I'm somewhat confused about what I'm seeing with my pretrained keras models. I'm using a virtualenv with tensorflow-gpu=1.13.1 installed via pip install tensorflow-gpu
. Here's a minimal working example you can run, based on the keras documentation (hopefully these are updated). In addition, I got the elephant image from here and saved it as elephant.jpeg
.
from tensorflow.keras.applications.resnet50 import ResNet50
from tensorflow.keras.preprocessing import image
from tensorflow.keras.applications.resnet50 import preprocess_input, decode_predictions
import numpy as np
# Load the image.
img_path = 'data/elephant.jpeg'
img = image.load_img(img_path, target_size=(224, 224))
x = image.img_to_array(img)
x = np.expand_dims(x, axis=0) # shape (1,224,224,3)
x = preprocess_input(x)
# The basic full model
model = ResNet50(weights='imagenet')
# Make a session here
sess = tf.Session()
sess.graph.finalize()
# Predict, and decode the results into a list of tuples (class, description,
# probability) (one such list for each sample in the batch)
preds = model.predict(x)
print('Predicted:', decode_predictions(preds, top=4)[0])

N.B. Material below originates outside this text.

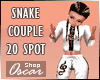 ♥ SNAKE Couple 2x10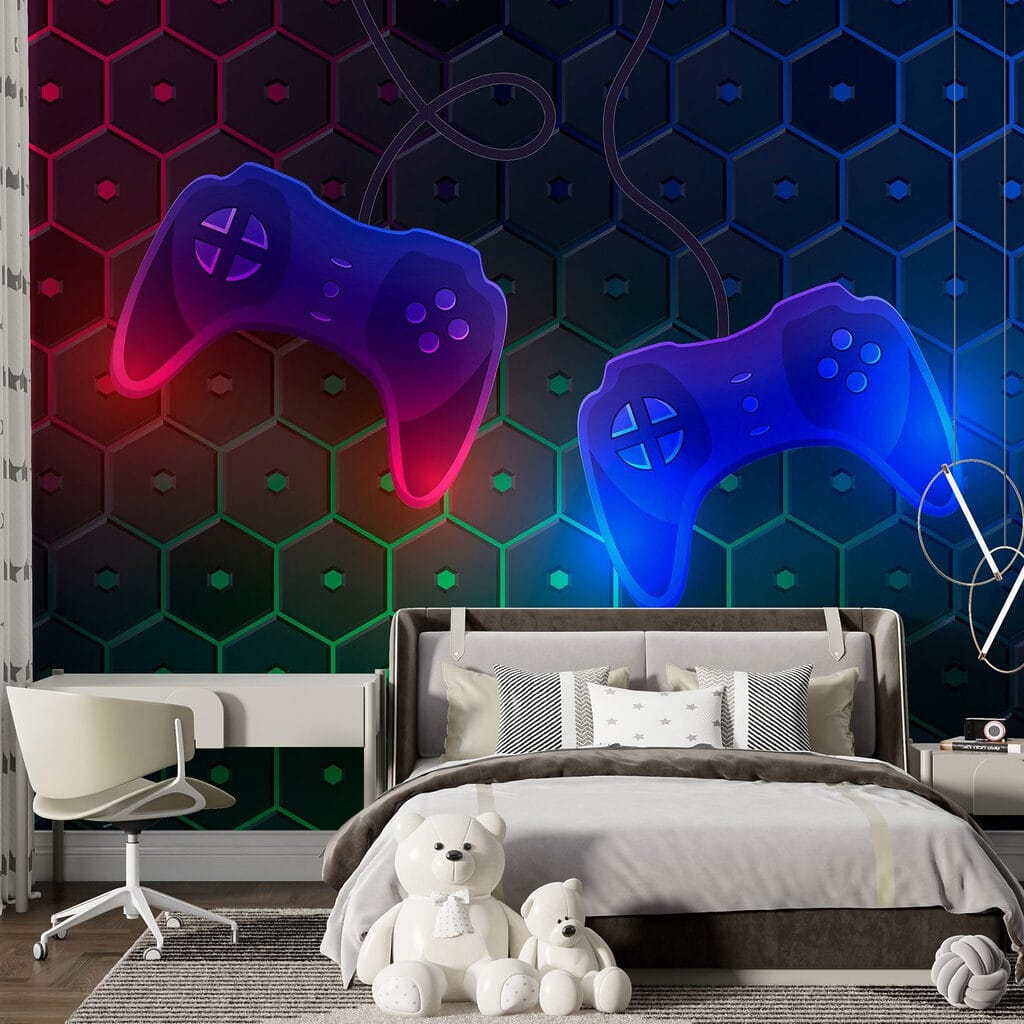 Controlere pe hexagoane — interior 5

Running the code will result in:
RuntimeError: Graph is finalized and cannot be modified.
Yet the weird thing is that if I change the code to insert a second model.predict
before I finalize the graph, as in here:
from tensorflow.keras.applications.resnet50 import ResNet50
from tensorflow.keras.preprocessing import image
from tensorflow.keras.applications.resnet50 import preprocess_input, decode_predictions
import numpy as np
# Load the image.
img_path = 'data/elephant.jpeg'
img = image.load_img(img_path, target_size=(224, 224))
x = image.img_to_array(img)
x = np.expand_dims(x, axis=0) # shape (1,224,224,3)
x = preprocess_input(x)
# The basic full model
model = ResNet50(weights='imagenet')
preds = model.predict(x)
print('Predicted:', decode_predictions(preds, top=4)[0])
# Make a session here
sess = tf.Session()
sess.graph.finalize()
# Predict, and decode the results into a list of tuples (class, description,
# probability) (one such list for each sample in the batch)
preds = model.predict(x)
print('Predicted:', decode_predictions(preds, top=4)[0])

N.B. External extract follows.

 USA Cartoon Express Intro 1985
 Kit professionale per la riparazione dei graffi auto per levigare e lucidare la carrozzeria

In the above there are only two extra lines, I copied the prediction code above with the print statement. This output seems to work and results in both predictions working:
Predicted: [('n01871265', 'tusker', 0.5286887), ('n02504013', 'Indian_elephant', 0.4639527), ('n02504458', 'African_elephant', 0.0072972253), ('n02408429', 'water_buffalo', 2.6213302e-05)]
Predicted: [('n01871265', 'tusker', 0.5286887), ('n02504013', 'Indian_elephant', 0.4639527), ('n02504458', 'African_elephant', 0.0072972253), ('n02408429', 'water_buffalo', 2.6213302e-05)]
Here's why I'm confused and asking this question. I don't get why putting the predict code is necessary before a sess.graph.finalize()
call. I am hoping to use pretrained models solely for feature extraction. That is, I'll pass in a numpy array into the net, and get a numpy array back. (For this I'd have to use the extra include_top=True
but I didn't do that above for the sake of simplicity.) Then I want to pass this result to a new network that I design, using low-level tensorflow libraries.
It appears that before my sess.graph.finalize()
call, I need to insert a "dummy" prediction call beforehand to "get the graph set up." Is that intuition right?